Beide Seiten haben sich mit dem Vergleich vor dem Arbeitsgericht Nürnberg
zufrieden gezeigt. "Wir haben damit Planungssicherheit für den Ferienmonat
August", sagte Bahn-Verhandlungsführer Werner Bayreuther. Man habe nun drei
Wochen Zeit, um die Sache weiterzubringen. GDL-Chef Manfred Schell
erklärte, es sei nun wichtig, dass beide Parteien nicht länger auf ihren
Standpunkten beharrten. An der Forderung nach einem eigenen Tarifvertrag
für die Lokführer halte er aber weiterhin fest, bekräftigte Schell. Beide
Seiten betonten, sie gingen davon aus, dass mit der Berufung der früheren
CDU-Spitzenpolitiker Heiner Geißler und Kurt Biedenkopf als Mediatoren die
Vermittlungschancen gewachsen seien. Die Vermittlungsgespräche werden
möglicherweise bereits am kommenden Montag beginnen, so Schell.
Derweil hat Arbeitgeberpräsident Dieter Hundt mit Blick auf den Konflikt
zwischen Bahn und Lokführern seine Forderung nach einem Eingreifen des
Gesetzgebers bekräftigt. "Der Streik einer Spartengewerkschaft für die von
ihr vertretene Minderheit der Belegschaft muss per Gesetz für
unverhältnismäßig und damit unzulässig erklärt werden, wenn bereits ein
Tarifvertrag existiert, der alle Beschäftigten erfasst", heißt es einer am
Freitag in Berlin veröffentlichten Erklärung Hundts.
Hundt sieht die Tarifautonomie wegen der zunehmenden Konflikte mit
Spartengewerkschaften wie der GDL in Gefahr. Da bei der Bahn ein gültiger
Tarifvertrag mit einer Tarifanhebung um 4,5 Prozent bereits existiere, sei
der Flächentarifvertrag durch einen Arbeitskampf einer kleinen Gruppe von
Beschäftigten "akut gefährdet". Gegen einen gültigen Tarifvertrag darf nach
Ansicht der Arbeitgeber aus Gründen der Tarifeinheit und der
Friedenspflicht nicht gestreikt werden.
Der Gesetzgeber müsse daher sicherstellen, dass in Unternehmen
"grundsätzlich nur ein Tarifvertrag Anwendung findet". Ansonsten drohe,
dass Unternehmen durch ständige Tarifauseinandersetzungen mit
Spartengewerkschaften um eigene Tarifverträge lahmgelegt werden. Hundt wies
im Konflikt mit der GDL auf unterschiedliche Entscheidungen von
Arbeitsgerichten zum "Grundsatz der Tarifeinheit" hin. Werde dieses, den
Flächentarifvertrag schützende Prinzip, in Frage gestellt, werfe das
"unlösbare praktische und juristische Fragen" auf.

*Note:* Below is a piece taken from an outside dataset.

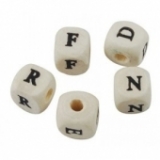 Abalorios letras cubo 10x10 natural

Der Tarifkonflikt zwischen der Lokführergewerkschaft GDL und der Bahn
entzweit zunehmend die Gewerkschaften. Die anderen beiden
Eisenbahnergewerkschaften Transnet und GDBA begrüßten am Freitag
ausdrücklich die Stellungnahme von dbb und ver.di zum Lokführerstreik, in
der der GDL eine Zersplitterung der Bahnbelegschaft vorgeworfen wurde.

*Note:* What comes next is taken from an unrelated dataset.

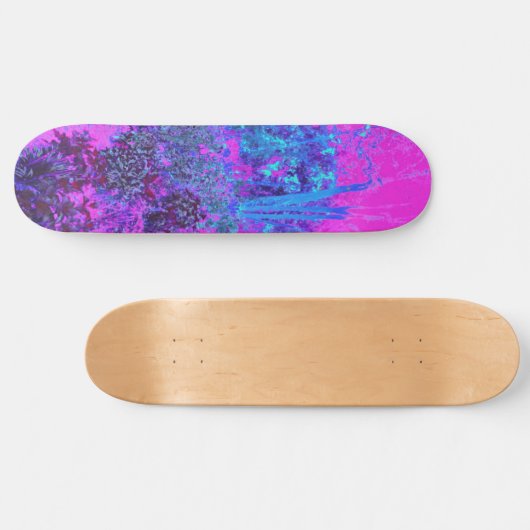 Trippy Hot Pink und Blue Impressionistic Landschaf Skateboard (Horizontal)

Transnet-Chef Norbert Hansen sprach von Mobbing durch GDL-Funktionäre und
überzogenen Forderungen, die den Betriebsfrieden bei der Bahn massiv
störten.
"Jeder Mitarbeiter hat Anspruch auf eine gerechte Bezahlung; in einem
großen Konzern kann aber keine Berufsgruppe besondere Privilegien für sich
in Anspruch nehmen", erklärten Hansen und GDBA-Chef Klaus-Dieter Hommel.
Wenn sich im Lohnsystem der Bahn etwas ändern solle, dann für viele
Mitarbeiter. Der "Sonderweg" der Lokführer sei mehr als kontraproduktiv.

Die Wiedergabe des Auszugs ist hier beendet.